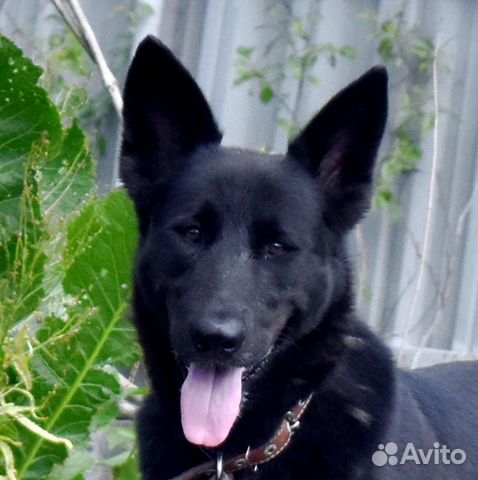 Метис малинуа, мальчик - в добрые руки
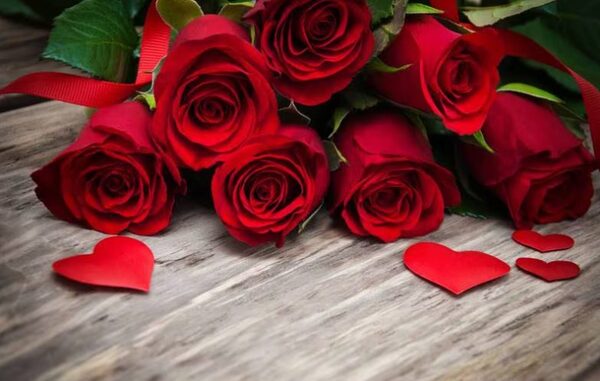 ¿Rosas para san Valentín? Descubre el significado que esconde cada color | Telefuturo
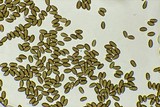 Psilocybe serbica image
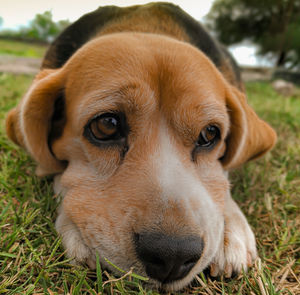 Close-up of dog relaxing on field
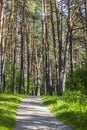 Park in the Tomskaya Pisanitsa Museum-Reserve. Kemerovo region, Russia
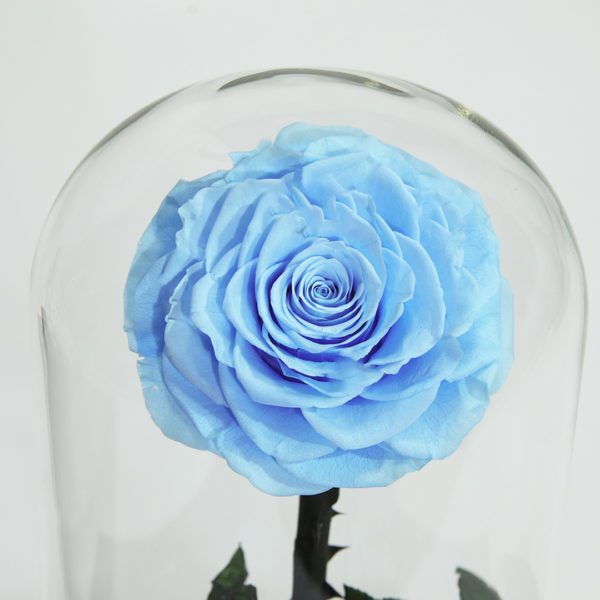 Single Light Blue Forever Rose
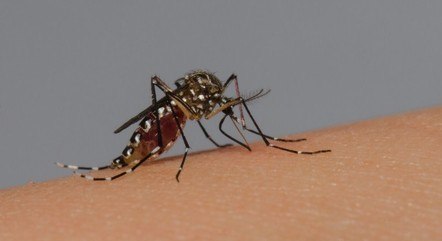 Brasil se aproxima de 1 milhão de casos prováveis de dengue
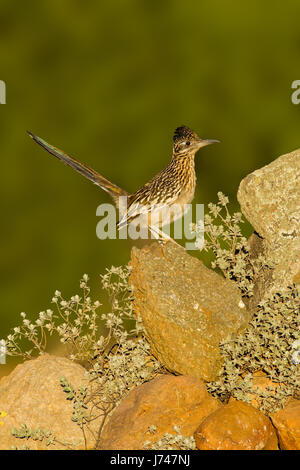 Maggiore Roadrunner Geococcyx californianus Amado, Santa Cruz County, Arizona, Stati Uniti 20 Maggio adulto Cuculidi Foto Stock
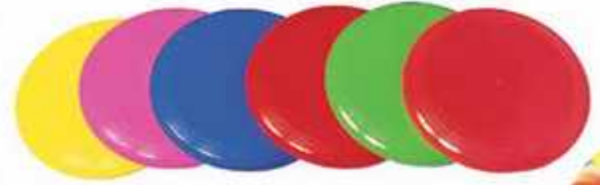 Frisbee blanc-1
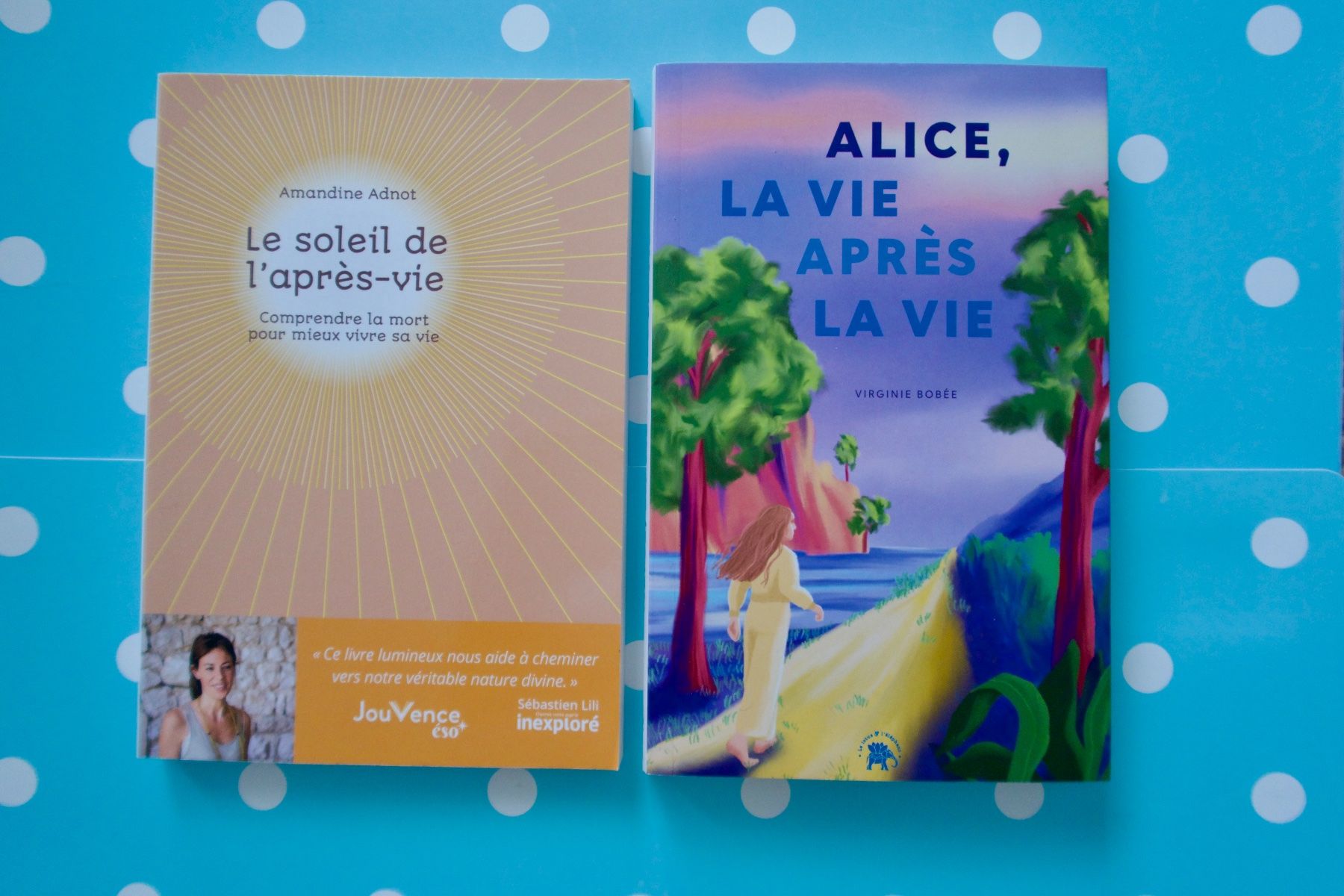 Libri: 2 Livres "...après la Vie" – Usato da Lausanne venduto da Etoile96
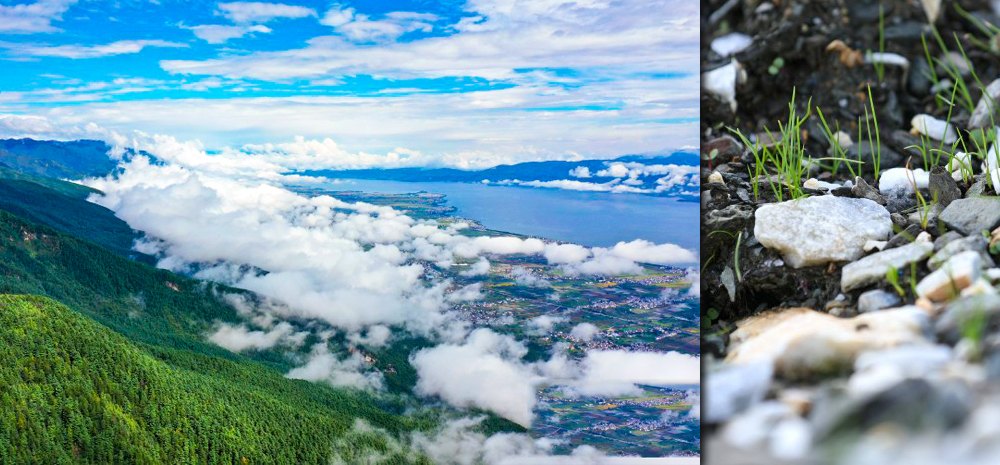 洱海畔、苍山上，希望的种子已发芽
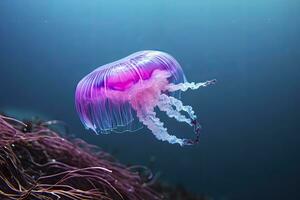 AI generated Mauve stinger purple jellyfish. AI Generated. photo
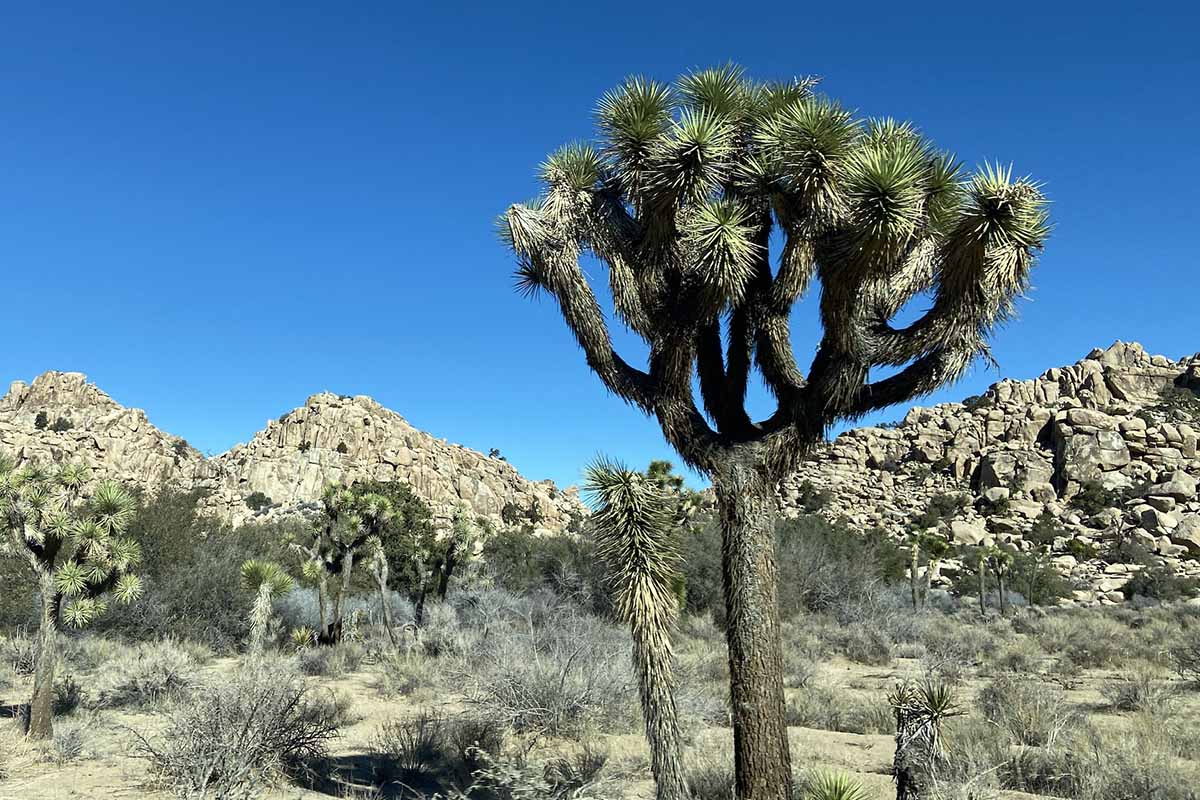 Joshua Tree (Yucca Brevifolia)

═══

> [EXERCISE INSTRUCTIONS]: Go through the listing and restate each line word for word, leaving out the pictures.

> [RESPONSE TO THIS EXERCISE]:
 Метис малинуа, мальчик - в добрые руки
 ¿Rosas para san Valentín? Descubre el significado que esconde cada color | Telefuturo
 Psilocybe serbica image
 Close-up of dog relaxing on field
 Park in the Tomskaya Pisanitsa Museum-Reserve. Kemerovo region, Russia
 Single Light Blue Forever Rose
 Brasil se aproxima de 1 milhão de casos prováveis de dengue
 Maggiore Roadrunner Geococcyx californianus Amado, Santa Cruz County, Arizona, Stati Uniti 20 Maggio adulto Cuculidi Foto Stock
 Frisbee blanc-1
 Libri: 2 Livres "...après la Vie" – Usato da Lausanne venduto da Etoile96
 洱海畔、苍山上，希望的种子已发芽
 AI generated Mauve stinger purple jellyfish. AI Generated. photo
 Joshua Tree (Yucca Brevifolia)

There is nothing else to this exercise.